-- Opening Marker --

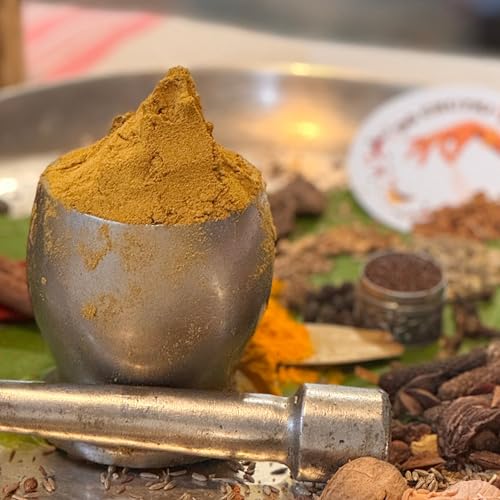 Image of Do Chutki Kanpuriya Bhadka - Buknu Masala Kanpur 100g (Pack of 1) | Traditional Spice Mix & Seasoning Powder | Desi Buknu Powder Masala With Indian Spices | No Onion No Garlic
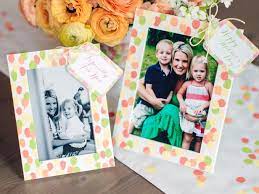 Plus, if you already have some craft supplies at home, this will be super easy to make today! Mother S Day Kids Craft Fingerprint Picture Frames Diy Mother S Day Gift Idea Hgtv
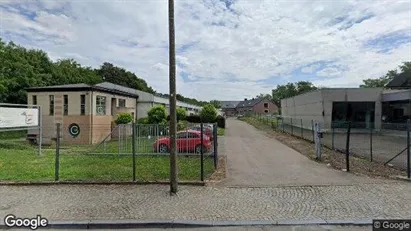 Lager zum Kauf in Luik – Foto von Google Street View
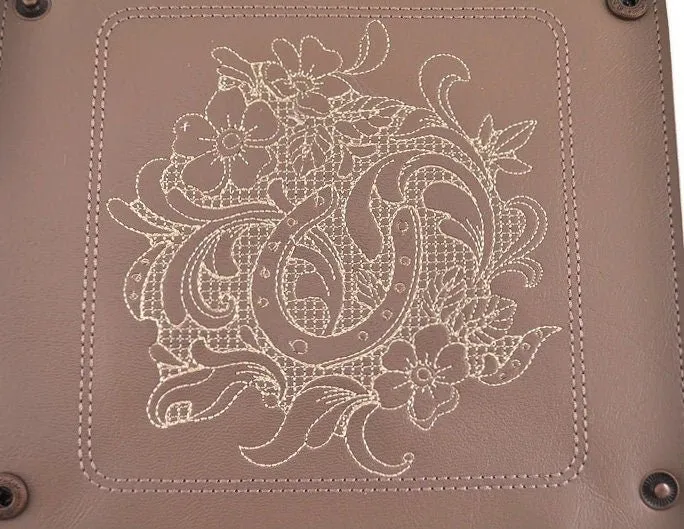 Western dice tray
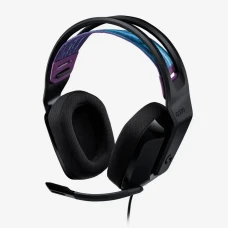 Căști gaming Logitech G335, Cu fir, Negru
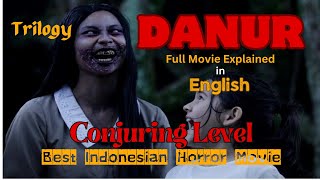 Indonesian Horror Movie 2024  Danur Explained in English [upl. by Letreece184]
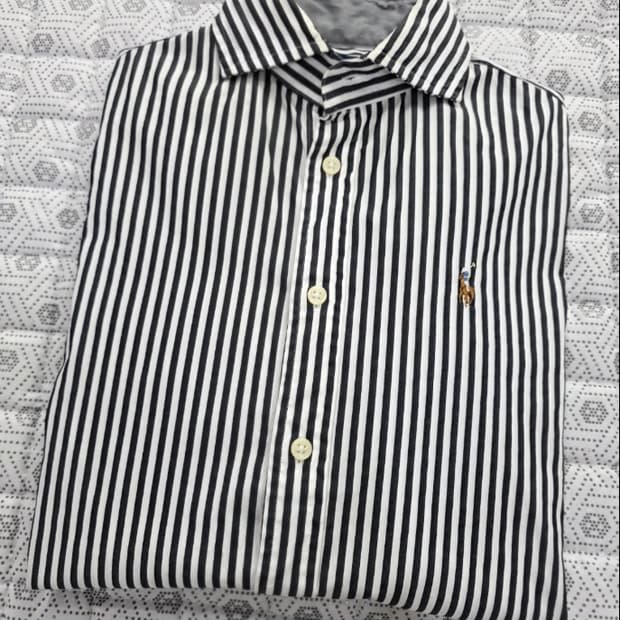 폴로 랄프로렌 스트라이프 셔츠 ~55반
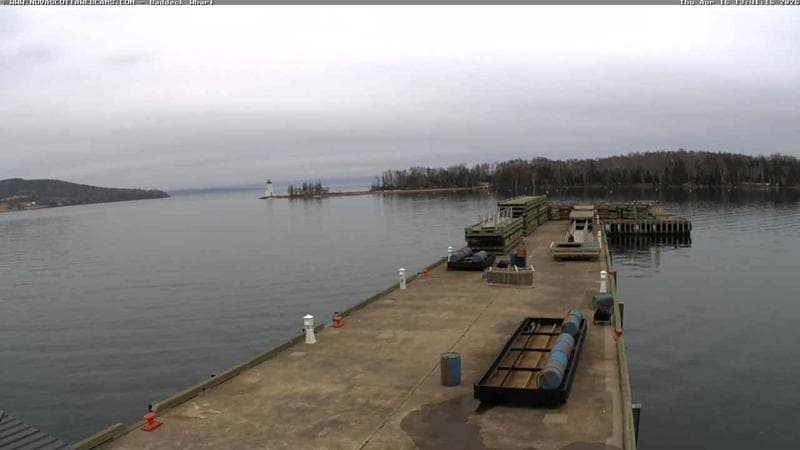 Baddeck Wharf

-- Closing Marker --

§ **TASK DIRECTIONS**: The entries are to be reproduced exactly, excluding any pictures they contain.

§ **EXPECTED ANSWER**:
 Image of Do Chutki Kanpuriya Bhadka - Buknu Masala Kanpur 100g (Pack of 1) | Traditional Spice Mix & Seasoning Powder | Desi Buknu Powder Masala With Indian Spices | No Onion No Garlic
 Plus, if you already have some craft supplies at home, this will be super easy to make today! Mother S Day Kids Craft Fingerprint Picture Frames Diy Mother S Day Gift Idea Hgtv
 Lager zum Kauf in Luik – Foto von Google Street View
 Western dice tray
 Căști gaming Logitech G335, Cu fir, Negru
 Indonesian Horror Movie 2024  Danur Explained in English [upl. by Letreece184]
 폴로 랄프로렌 스트라이프 셔츠 ~55반
 Baddeck Wharf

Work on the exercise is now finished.